You may wonder — what does being married since the Carter administration have to do with commercial real estate?
Bear with me. I believe who you love and with whom you choose to spend your life matters foundationally to building a successful career.
In my case, Carla’s patience, wisdom, and encouragement have been the bedrock under everything I’ve accomplished in brokerage. And along the way, I’ve learned a few lessons that apply equally well to marriage and to commercial real estate.
Commitment outlasts market cycles
Marriage requires commitment – not just when things are easy, but through the tough times too. Real estate is no different.
Since I began in the early 1980s, I’ve watched interest rates soar, the savings and loan crisis unfold, bubbles inflate, and recessions squeeze the market.
Through it all, commitment — whether to a client, a property, or the process — proved more valuable than chasing short-term gains. Just as in marriage, staying the course yields long-term rewards.
Communication is everything
After 46 years, Carla and I still occasionally misunderstand each other. But we’ve learned to keep talking, keep listening, and keep clarifying. The same principle applies in commercial real estate. Deals collapse when communication falters.
Clients don’t expect perfection; they expect honesty. A simple phone call explaining a setback can preserve trust better than any contract clause.
Patience produces fruit
No one celebrates 46 years without patience. There were times when raising kids, building careers, and paying bills felt overwhelming. But patience – trusting that small investments of time and effort compound – got us through.
Commercial real estate rewards patience as well. Transactions can drag on, negotiations can stall, and entitlement processes can feel endless. Yet patience, paired with persistence, is often the difference between a failed deal and a successful close.
Shared values create alignment
Carla and I built our life on shared values: faith, family, and integrity. Those values guided decisions on where to live, how to raise children, and even how to face hardship.

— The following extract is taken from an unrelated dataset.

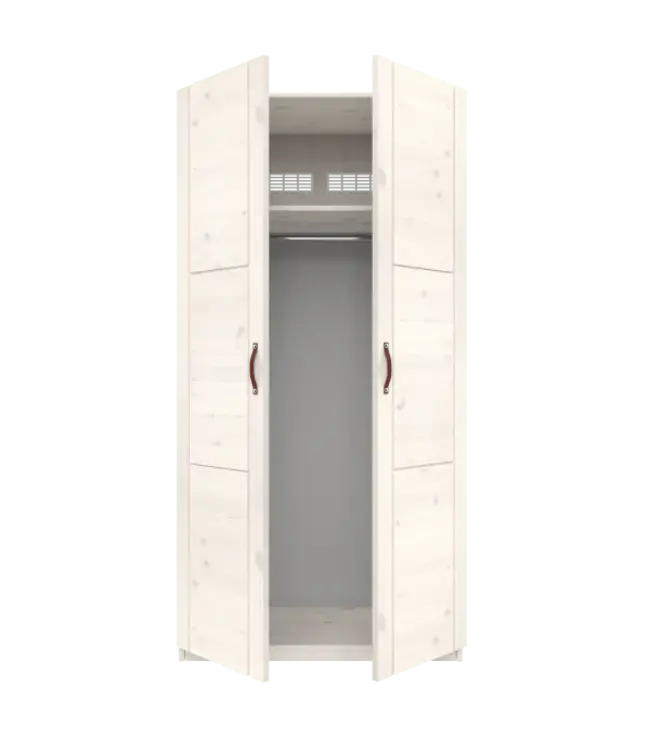 Lifetime kledingkast 100 cm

In brokerage, I’ve found that values alignment with clients is equally important. Not every prospect is a fit. When you align with those who share your values – fairness, transparency, long-term thinking – the relationship flows, and the work is more rewarding.
Adaptability is survival
Marriage is a constant process of adaptation. People grow, circumstances shift, and unexpected challenges arise. Carla and I had to adapt when careers changed, when children left home, and when new seasons of life arrived. In real estate, adaptability is equally critical. A strategy that worked in one market cycle may not work in another. Brokers who survive are those who adjust without abandoning their foundation.
Looking out at the Pacific, I’m struck by how steady and timeless it feels. Yet even the ocean is always in motion, waves constantly breaking and reforming. That’s marriage. That’s commercial real estate. Both require a balance of commitment and flexibility, patience and action, values and adaptability.
As I celebrate 46 years with Carla, I’m reminded that no career is built in isolation. The relationships that anchor us at home often provide the resilience and perspective we need in business. Success, in life and in real estate, rests not only on the deals we make but on the people who walk with us through the journey.